“No Worries”

I want to leave my worry today.

That’s what I said to myself at the end of my morning yoga practice.  Rachel, my teacher, suggested that we might want to set an intention for our day or name something we want to leave. I wanted to leave my worry that woke me up that morning.

I use the idea of “worry” to cover a multitude of sins.  I woke up worrying…  I was so worried… what worries me… all the worrying… that worries me…

What I worry about is often that “skilfully wrought impression,” as author Carol Shields muses, that is a life.  What I worry about is wrapped around what I might do, or not do, for the sake of someone’s good opinion of me.

Even more derailing are my worries about what I imagine to be true and what matters about me.

When I’m almost asleep, I can be jolted out of sleep’s release.  When I awake at 2:00 a.m., I rehearse those conversations that matter in the dark.  Even after a full night’s sleep, I might awake to one perseverating premonition.

One day, I wrote that the panic or anxiousness or sadness that I feel is not a reaction to my usual worrying, but I’m not sure that is the truth.  Beneath the worry is my furtive desire to change, manage, and control people, situations, or circumstances that I cannot and are not mine to manage, change, or control.  My impulse is disguised as worry that helps and even cares for others. 

My own skilfully wrought impression?  The bringing together of what I fear? Or some of what I off-handedly reveal that sums up why I matter in my world?  (More co-opting of Carol Shield’s words.)

Jesus said, “Don’t worry, be grateful. Does it add anything to your life?” 

And Mary Oliver came to a similar conclusion and gave it up.

So today, I’m leaving my worry here and I will be ready to lay it down again… and again.

I Worried

by Mary Oliver

I worried a lot.  Will the

garden grow, will the rivers flow in the

 right direction, will the earth turn

as it was taught, and if not

how shall

I correct it?

Was I right, was I wrong, will

I be forgiven,

can I do better?

Will I ever be able to sing,

even the sparrows

can do it and I am, well,

hopeless.

In my eyesight fading or am I

just imagining it,

am I going to get rheumatism,

lockjaw, dementia?

Finally I saw that worrying

had come to nothing

and gave it up.  And took my

old body

and went out into the morning,

and sang.

Tethered in Place

Sometimes we don’t have a word or label for what we do, for what keeps us in place.

When we were moving a couple of years ago, when our loved home sold in one day and we moved to the rental, I sorted our belongings according to what we would need for a few months.  I didn’t actually know how long that would be since we didn’t know where we were going, yet. 

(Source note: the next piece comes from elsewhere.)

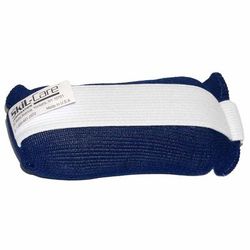 Skil-Care Finger Contracture Cushion Adult One Size Fits Most Left or Right Hand Blue (183244_PK)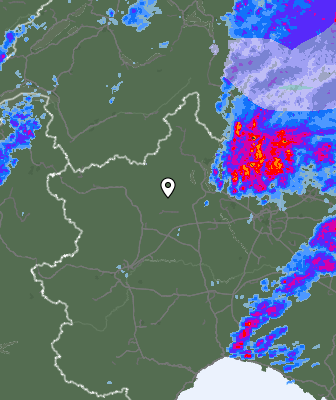 Ilmastiku radar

Then, when we knew we were coming here, across the country and into the next, we unpacked boxes and sorted our lives into what we would let go of and what we deemed worth keeping with us.  Once precious books, family furniture filled with memories, and artful diversions seemed too cumbersome to keep.  We tacitly lightened our load.

 My feet were on unsteady ground, shifting from one place and purpose to another.

I still feel tentative.  After being here for two years, pictures in protective wrap are leaning against the wall in the living room and the dining room table is cloistered in moving blankets against the basement wall.  I just rearranged the furniture, again.

I remember, I happened upon the verse from Deuteronomy in Frederick Buechner’s recollections in The Remarkable Ordinary.  All my moving pieces might be reimagined in the assurance of being held, as Buechner says, by “whatever there is that is holy to hold us.” 

There is none like God…

who rides through the heavens to your help,

…The eternal God is your dwelling place, and underneath are the everlasting arms.

Deuteronomy 33: 26-27 RSV

My true dwelling place wasn’t in that almost perfect house, or the providence of places that followed that year.  My dwelling place was able to hold me for a moment that was beyond time.  I repeated, was emboldened by, and rested in the words; the eternal God is my dwelling place, and underneath ARE the everlasting arms became my assurance that I belonged to God, not to a house, or town, or even a country.

In Isaiah, there is a verse that God will keep her in perfect peace, whose mind is stayed on God.  A note in the bible I read says that Isaiah 26:3 is a Hebrew metaphor that calls up an image of a tent rope “stayed” or tied to a peg in the ground that secured the tent in the windy desert.

I am far from the desert, however, I know how that image, of being blown about and securely held, was engendered by my practice of repeating that scripture phrase from Deuteronomy.  Over and over, that image of God’s everlasting arms under my home anchored my mind and tethered my heart in peace.

That’s what we do in Lectio-Divina, extracting a word or phrase from sacred reading and living with that phrase for a time.  This time, for me, the verse has stayed for this long season of feeling uprooted yet somehow grounded. The truth “in my heart” keeps me tied to the One who is the place that settles me.